Interesting debate on Facebook tonight about God and free will. Having given it some thought, I've concluded that God cannot be loving, merciful or benevolent if we have free will, not if God exists the way most theists claim. Here's my reasoning.
I'll use myself as an example.
The argument most theists give is that God knows all; past, present and future. If that is the case the following must be true.
1 ~ God knew before he created me that I would be a life long atheist
2 ~ I cannot later decide to convert to being a believer as this violates 1
Now, the logic here follows that;
In 1 God knows he will be punishing me before I'm even created. He must do if he knows past, present and future yet he still creates me.
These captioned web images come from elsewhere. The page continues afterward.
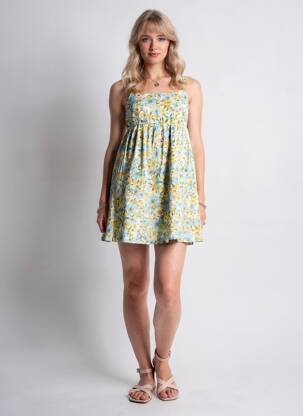 Rochie scurtă croială evazată bretele subțiri albastru GRACE & MILA femeie
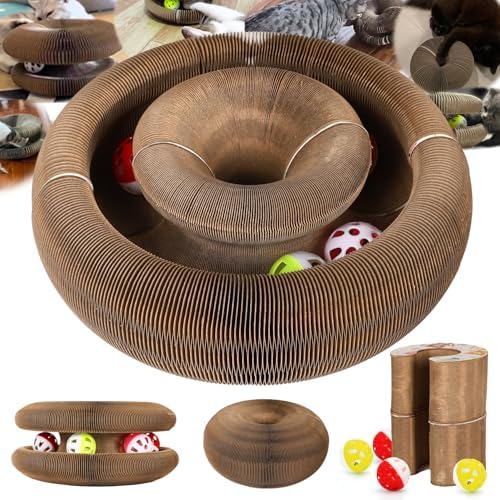 2 Pack Interactive Cat Toys & Cardboard Cat Scratchers, Round Tracks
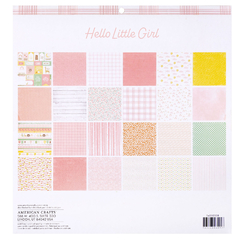 American Crafts - Coleção Hello Little Girl - Bloco de Papéis para Scrapbook tamanho 30x30 cm (12x12 polegadas) - comprar online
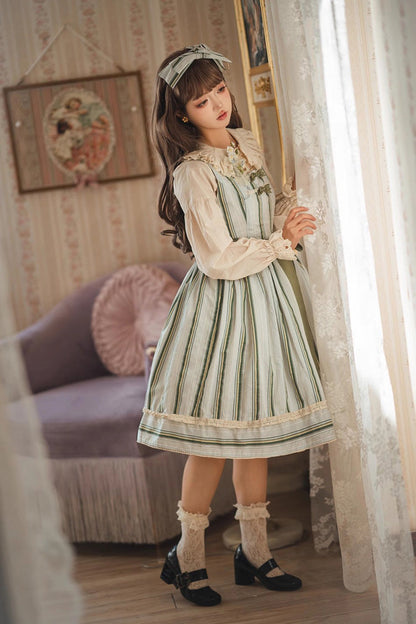 Sweet Lolita Dress - Forest Atlas Striped Print, 3 Colors, Striped, Printed, Punk Style - additional product view 7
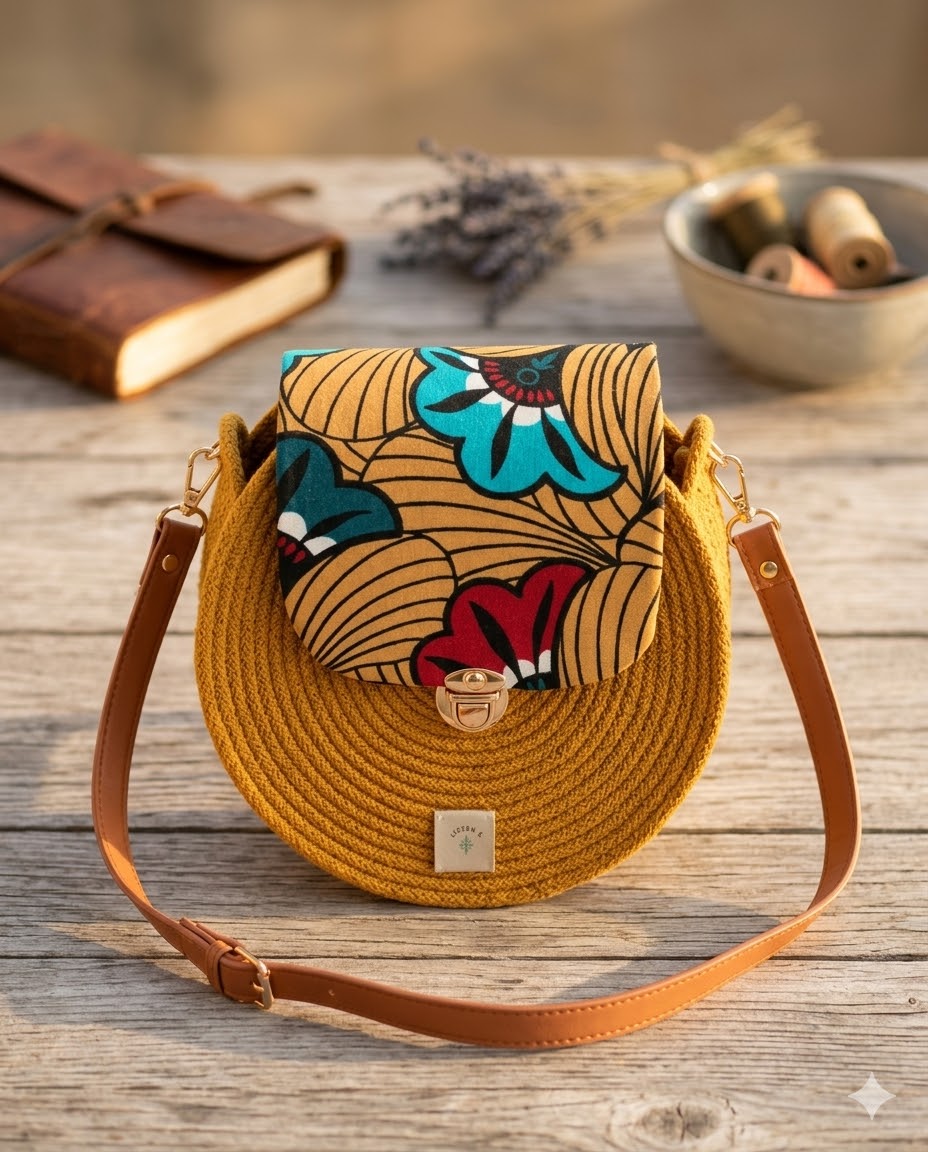 Sac en corde rond bohème wax | Sac bandoulière femme style bohème chic
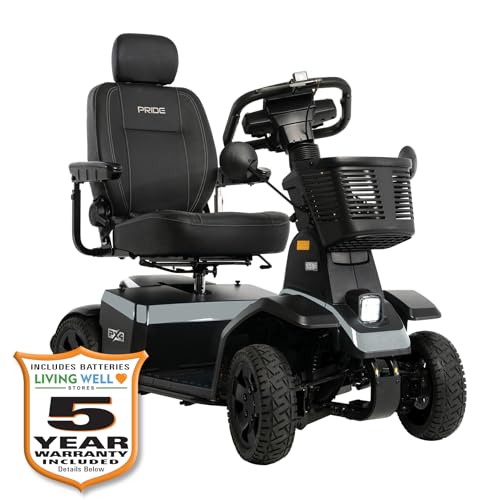 Pride PX4 HD Mobility Scooter, 500 Lbs. Weight, Capacity, NFC Key Fob, with 5-Year Extended Warr (Satin Aluminum, 20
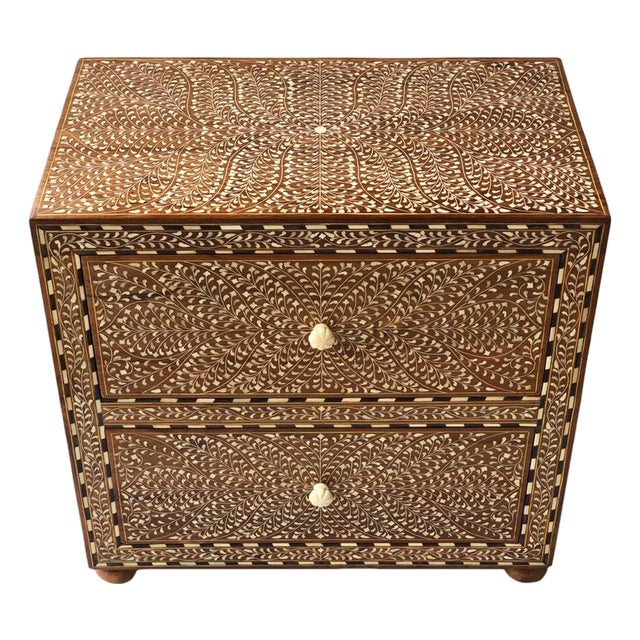 Vintage Wood Inlay 2-Drawer Nightstand / Dresser For Sale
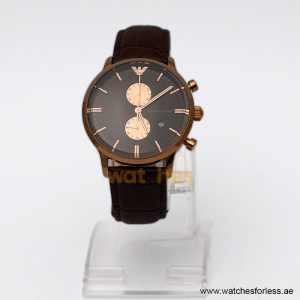 Emporio Armani Men’s Quartz Brown Leather Strap Brown Dial 40mm Watch AR0387 (Shelf Leftover)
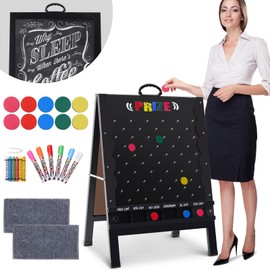 Prize Drop Game Board, 21"x30" Foldable Double-Sided Design with Wooden A-Frame Chalkboard Sign for Carnival, Trade Show, and Party - Includes Coin Drop Discs and Chalk Set, Upgraded Handle Design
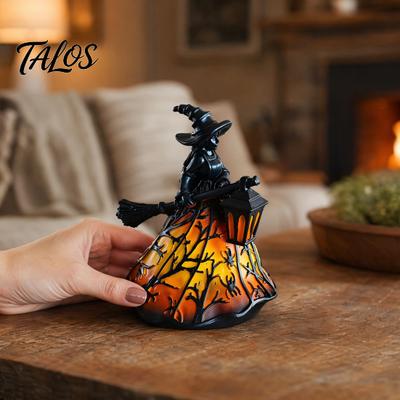 Mysteriöse Hexenstatue Halloween Hexe/Geist LED Lampe, Gotisches Harzornament mit Warmem Licht für Dekoratives Zuhause, Schreibtisch Gruselige Nacht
If he knows that will lead to my subsequent punishment for not believing in him then he cannot be loving, forgiving or benevolent.
In 2 I cannot have free will as God already knows my future in 1. If God foresaw my dying an atheist it is impossible for me to change to theism without violating 1. What may seem like free will must be predetermined otherwise God cannot possibly know the future.
The result of this is that either God cannot be all knowing and is therefore unaware of our future, or he is far from loving and benevolent as he knowingly creates those he'll subsequently punish, even though they have absolutely no control over something that he's foreseen.
If God is truly loving and benevolent then he would only create those whom he has foreseen to be worshipful of him, as he demands. He doesn't, he creates life long atheists too – then punishes them.
It was suggested to me that the multi-verse argument might negate this, given that all possibilities are presented. However, theists claim that God is outside of space and time, therefore he would still know all possible outcomes – yet continues to create those who will, logically, have no say over their destiny as he's already seen it.
An all knowing God cannot possibly be compatible with free will, nor can he be loving, forgiving or benevolent. Seems quite obvious to me.